THE END: Yes. But no matter what, I represent change.  Transition.  People are always intimidated by me. It’s so horrible.

Listen, in my older age, I’ve given a lot of thought to the meaning of “the end.”  One thing that seems to be true is, when something ends, something else always begins. So it’s not like “the end” represents total nothingness.

THE END: You mean, like…when a beautiful day ends, a starry night begins?

Yes. Or…when a pregnancy ends, a child enters the world.  When a caterpillar’s stage of life ends, its life as a butterfly begins. When the rain ends, the sun comes out.  When  you come to “the end” of a beautiful hiking trail, you might be at the top of an amazing mountain.  

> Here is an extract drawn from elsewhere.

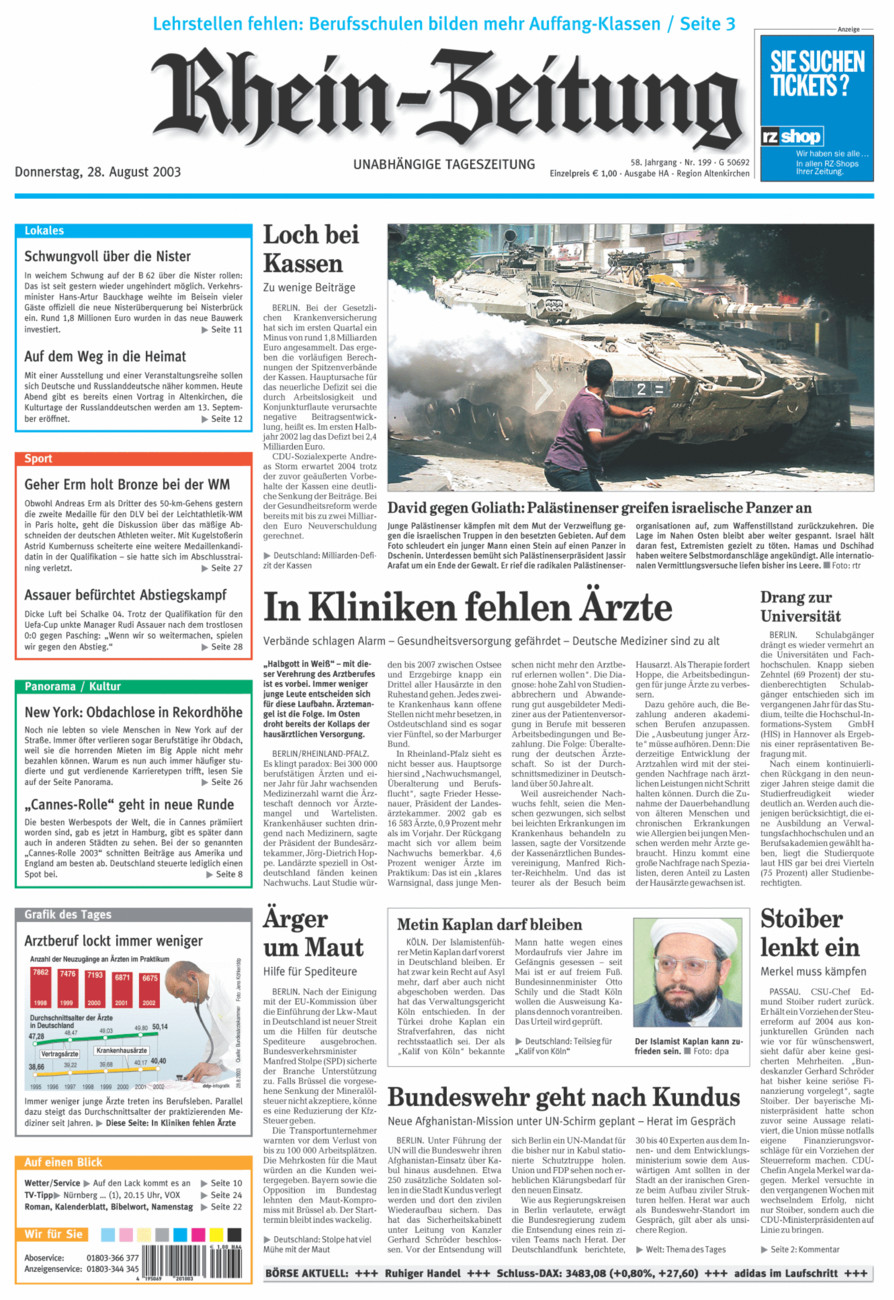 Rhein-Zeitung Kreis Altenkirchen vom Donnerstag, 28.08.2003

THE END: Or…when graduation ends, you get to have a party.

Something like that.

THE END: Okay, but let’s stop beating around the bush. Let’s get to what’s most frightening about “the end.”

Which is?

THE END: Death.  What happens after you die?  No one knows if that’s “the end.” And since I’m so incompetent, I can’t answer that either.

Maybe we can look at it this way… When something ends, something new always begins.  So why would death be the one and only exception?

THE END:  I don’t know.

And,…when we pass on, others remember us.  Thoughts and messages we share seem to live on with those who are still on the earth.  In that way, we don’t end.

THE END: Hmmm…

So, maybe the answer is…as long as we’re fortunate enough to be here, we can just go on trying to make the world a better place.  We can keep searching for ways to make our lives meaningful to others.

THE END: You’re pretty good at this.  Do you want to switch places?  I’ll be a human and you be “the end?”

No thank you. But I’m glad we had this conversation. Are you feeling a little better?

THE END: Yes.  I mean, no.

No? Why not?

THE END: Because, once again, “the end” is coming.

“The end” of what?

THE END: The end of this post!!!!!  We have nothing else to say to each other, so it’s over!  “The End!”  Oh!  I hate my life!!!!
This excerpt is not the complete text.